French-born artist and activist-filmmaker Frédéric Back got his professional start in Canada in the 1950s, where he was asked to draw still images promoting moving pictures at Radio-Canada’s graphics department. In 1967, his giant stained glass mural entitled L’histoire de la musique à Montréal (“history of music in Montreal”) became the first work of art to be commissioned for the Montreal metro system. But most striking of all are his animated short films. In 1978, his Tout Rien (“All Nothing”), a delicate and pensive 11-minute animated allegory set to the music of Igor Stravinsky about how our human greed is stealing the happiness of our species, earned him an Oscar nomination. It tackles, with remarkable elegance and sensitivity, our tragic tendency towards anthropocentricity in a world we share with countless other creatures.
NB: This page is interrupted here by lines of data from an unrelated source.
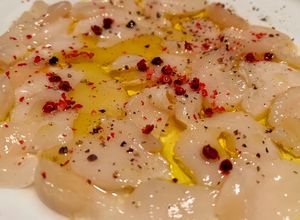 Une photo de Carpaccio de Saint-Jacques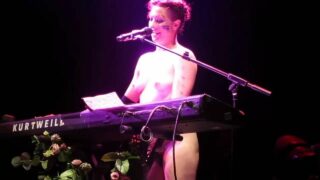 Amanda Palmer sings live – Strips off at 2:52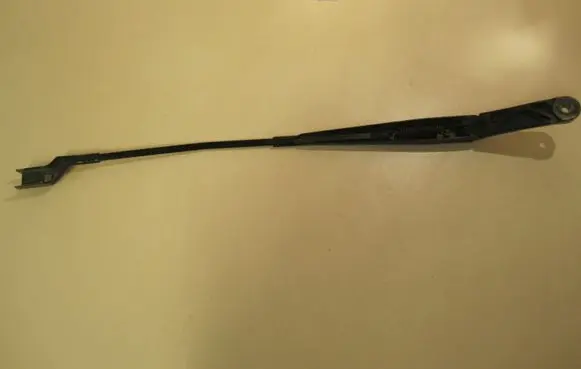 Volkswagen PASSAT B6 Front wiper blade arm 3C1955410B
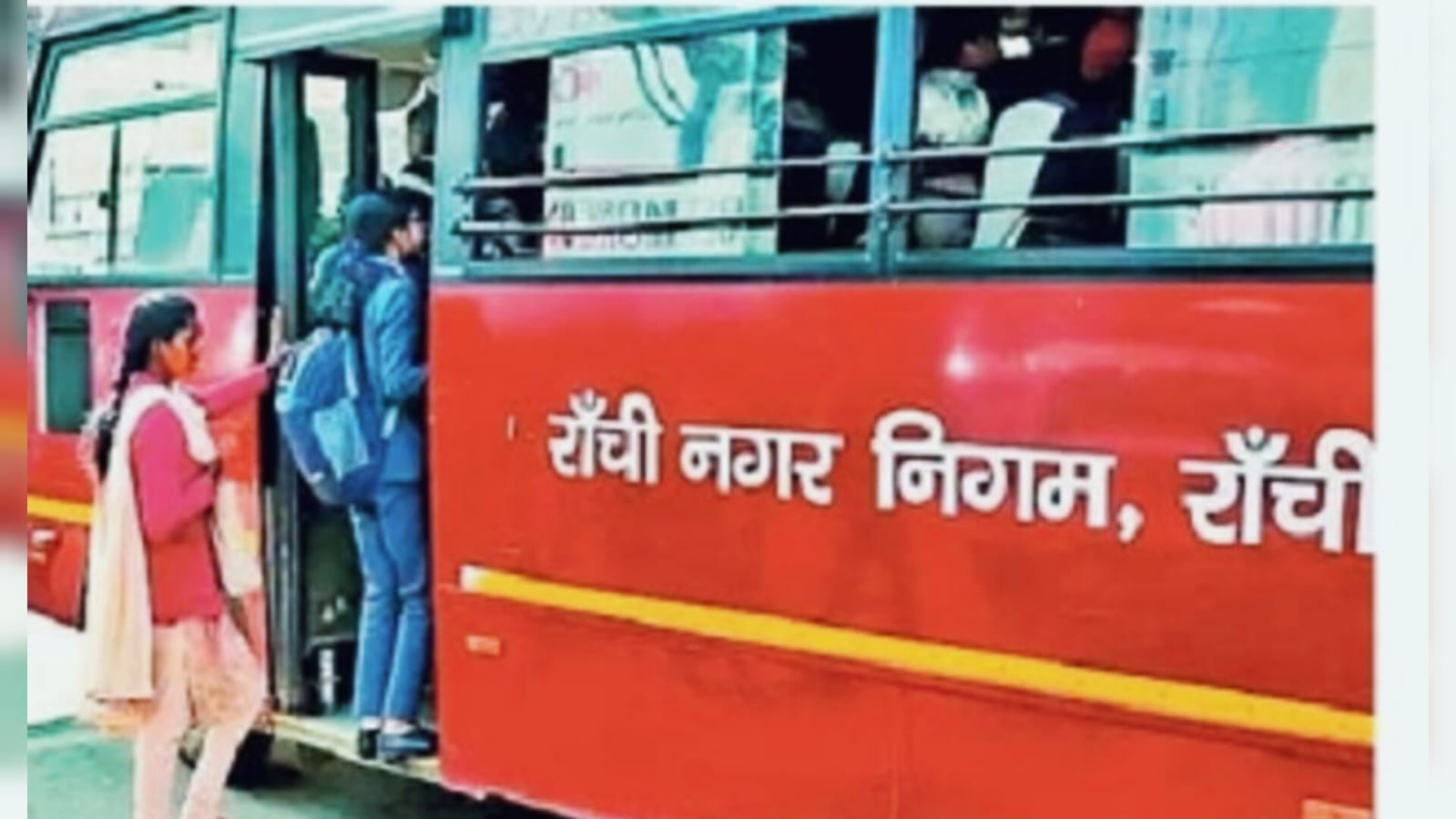 रांची में सिटी बस संचालन ठप: 50 से ज्यादा ड्राइवर-कंडक्टर ने बिना सूचना सड़कों पर प्रदर्शन किया शुरू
Possessions, like happiness, are always eluding our grasp. Instead of constantly wanting to have, wouldn’t it be better simply to be-to watch and let the natural environment exist in peace? A world whose true joys and riches, continually renewed and replenished, we have yet to fully appreciate?” Frédéric Back

The following year, while working on another film and applying a coat of fixative to a drawing, the fumes got into Back’s right eye. The film eventually won him his first Oscar, but his eye never recovered. Back, nonetheless, continued to produce breathtakingly beautiful work underpinned by a thoughtful environmental message through the early 1990s.